Lugano, una città perfetta ma senza speranza

Lugano, settembre. Sotto a un sole già impercettibilmente scolorito come è liscia, in una mattina di fine estate, l’acqua del lago. Un battello bianco si stacca da un molo, carico di turisti. Dei giapponesi su dei pedalò costeggiano pigramente la riva. Le aiuole sono rasate alla perfezione, e non si vede in tutta la città una singola auto in sosta vietata; e le siepi, noto, ferma a un semaforo, hanno le foglioline tutte dritte e uguali, scrupolosamente, rigorosamente potate.

Non c’è una cartaccia per terra, e batterie di bidoni per la raccolta differenziata luccicano negli angoli, pulitissimi e discreti. Nelle vetrine, sontuosi orologi valgono mesi di uno stipendio normale. Il traffico è scarso e educato, nessuno che suoni il clacson, e non un lavavetri, o un mendicante. La gente di Lugano passeggia serena nella città perfetta.

Noto però che molti dei passanti sono anziani, sorretti da una badante, o soli; camminano adagio con l’aria di chi non va da nessuna parte, si siedono sulle panchine e nei caffè, a contemplare la docile liscissima acqua del lago. Di cosa mai potrebbero lamentarsi? Vivono nel meglio governato dei paesi, e dagli orologi al polso, e da certi sfavillii di ori sul collo vizzo delle vecchie signore, si direbbero ricchi.

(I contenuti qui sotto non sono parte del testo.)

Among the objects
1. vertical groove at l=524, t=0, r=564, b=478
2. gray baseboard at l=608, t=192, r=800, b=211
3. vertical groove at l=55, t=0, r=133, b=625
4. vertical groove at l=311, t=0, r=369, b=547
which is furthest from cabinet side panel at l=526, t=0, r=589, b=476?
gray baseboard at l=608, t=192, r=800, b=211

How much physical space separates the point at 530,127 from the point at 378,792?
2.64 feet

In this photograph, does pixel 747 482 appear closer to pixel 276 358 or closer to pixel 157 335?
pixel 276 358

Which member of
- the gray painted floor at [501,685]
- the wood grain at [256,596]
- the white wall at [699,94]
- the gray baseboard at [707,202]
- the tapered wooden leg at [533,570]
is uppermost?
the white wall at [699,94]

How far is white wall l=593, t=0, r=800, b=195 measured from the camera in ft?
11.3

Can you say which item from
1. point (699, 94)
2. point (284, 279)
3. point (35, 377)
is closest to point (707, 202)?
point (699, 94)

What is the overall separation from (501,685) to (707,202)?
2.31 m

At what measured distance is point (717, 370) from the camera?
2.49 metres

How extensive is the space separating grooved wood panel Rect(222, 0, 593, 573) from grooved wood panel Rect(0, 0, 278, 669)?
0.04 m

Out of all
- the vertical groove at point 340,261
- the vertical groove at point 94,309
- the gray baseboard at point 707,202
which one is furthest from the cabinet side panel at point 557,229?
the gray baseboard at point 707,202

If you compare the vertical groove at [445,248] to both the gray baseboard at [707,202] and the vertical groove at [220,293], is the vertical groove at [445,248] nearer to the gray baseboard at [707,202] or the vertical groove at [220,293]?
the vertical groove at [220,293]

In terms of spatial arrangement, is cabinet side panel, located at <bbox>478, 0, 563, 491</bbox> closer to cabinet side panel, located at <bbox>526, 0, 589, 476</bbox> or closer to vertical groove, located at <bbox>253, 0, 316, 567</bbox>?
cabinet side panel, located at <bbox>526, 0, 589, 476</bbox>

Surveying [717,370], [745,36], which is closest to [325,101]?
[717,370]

Tuttavia nel guardare i loro passi lenti, e le ottantenni con i capelli rigidamente in piega e il rossetto troppo rosso sulle labbra sottili, si impadronisce di me una malinconia rapinosa. Ecco dei vecchi, mi dico, che hanno tutto, e vivono nel più ordinato dei mondi; eppure in viso gli si legge una calcificata solitudine, e, sotto al dignitoso aspetto, anche un inammissibile dubbio: se valga poi la pena di esser vivi, domani. Mi viene in mente allora che in Svizzera l’eutanasia è legalmente praticata. Mi attraversa un pensiero: in fondo, mi dico, capisco. Nel mondo più perfetto, la solitudine può essere un muro di prigione. E quanto ovattati devono essere i passi, sulle moquettes di certe residenze per anziani.

Mi siedo anch’io a un caffè e contemplo le clienti eleganti, firmate, con la badante ucraina accanto annoiata e muta; intente con tenacia a tirar l’ora di pranzo. Qui, dove il mondo è lindo, senza errori, né rifiuti, né imprevisti, manca soltanto a certi vecchi l’essenziale: un senso, una speranza.

Forse, i più poveri di tutti sono loro. I migranti che ho visto sbarcare a Lampedusa, affamati, disfatti, erano giovani – e, mentre in ginocchio ringraziavano Dio d’essere salvi, che voglia di vivere gli leggevi in faccia. Chi è più povero, i profughi a Lampedusa o certi pensionati di Lugano? Anche questa, vorrei dire al Papa, è “periferia esistenziale”.

Mi lascio dietro la città perfetta con una strana urgenza. Chiasso, la frontiera, l’Italia. (Bellissime mi paiono, lungo il guard rail, le siepi disordinate).